Media sosial sontak menjadi panggung kegaduhan. Kolom komentar dipenuhi sinisme, kemarahan rakyat menggelegar, serta para akademisi hanya mampu menggelengkan kepala. Pemandangan itu menjelma komedi gelap, seolah menertawakan negeri yang katanya berdiri di atas prinsip keadilan sosial.
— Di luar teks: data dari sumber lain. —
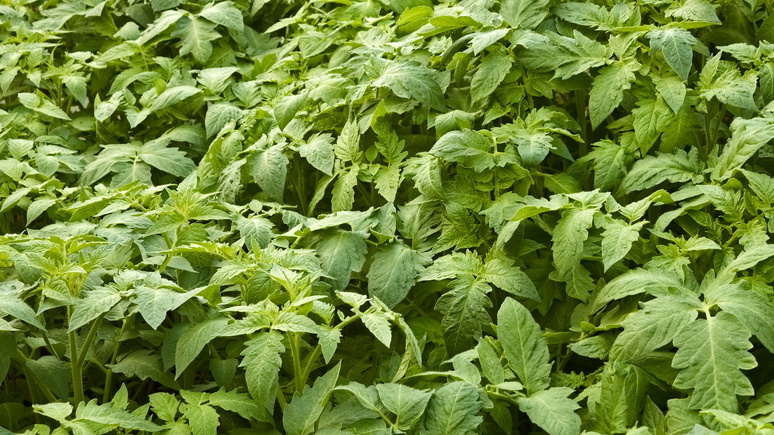 Так выглядели мои томаты раньше - сплошная морока с уходом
Sementara itu, Sekretaris Jenderal DPR RI, Indra Iskandar, mencoba memberikan klarifikasi terkait polemik yang sedang viral. Ia menegaskan bahwa gaji pokok anggota DPR sebenarnya jauh di bawah angka Rp100 juta. Besarnya penghasilan, menurutnya, lebih dipengaruhi oleh berbagai tunjangan, termasuk tunjangan perumahan yang nilainya bisa mencapai Rp50 juta setiap bulan.
Secara resmi, gaji pokok anggota DPR hanya Rp 4,2 juta sesuai PP Nomor 75 Tahun 2000. Angka itu memang tergolong kecil. Meski begitu, publik memahami bahwa yang membuat rekening wakil rakyat membengkak berasal dari tunjangan jabatan, tunjangan kehormatan, tunjangan komunikasi intensif, hingga bantuan listrik dan telepon.
Publik sesungguhnya tidak menolak kesejahteraan pejabat negara. Gaji yang layak memang penting untuk menjaga integritas agar godaan korupsi tidak kian menggila. Namun, persoalannya terletak pada batas kewajaran yang kabur, terutama ketika tunjangan menggelembung berkali lipat. Mengingat, di negeri kita sendiri kemiskinan masih merajalela.
Bayangkan, rakyat kecil yang bergaji dua juta per bulan harus membayar pajak demi menopang fasilitas mewah itu. Jarak antara penghasilan wakil rakyat dan rakyat yang diwakili semakin menganga. Kontras ini melahirkan rasa getir yang sulit disembunyikan. Apalagi ketika janji politik di masa kampanye sering tak sebanding dengan aksi nyata. Rakyat merasa hanya dijadikan tangga, bukan tujuan utama.
Perbandingan dengan profesi lain semakin mempertegas kejanggalan. Dokter yang bertugas di daerah terpencil tidak mendapat tunjangan sebesar itu. Guru honorer yang mencerdaskan bangsa masih dihargai dengan upah jauh di bawah UMR. Petani yang menjaga ketahanan pangan bahkan tak pernah mendapat gaji tetap. Lalu, bagaimana logikanya anggota DPR layak mendapatkan hingga seratus juta per bulan.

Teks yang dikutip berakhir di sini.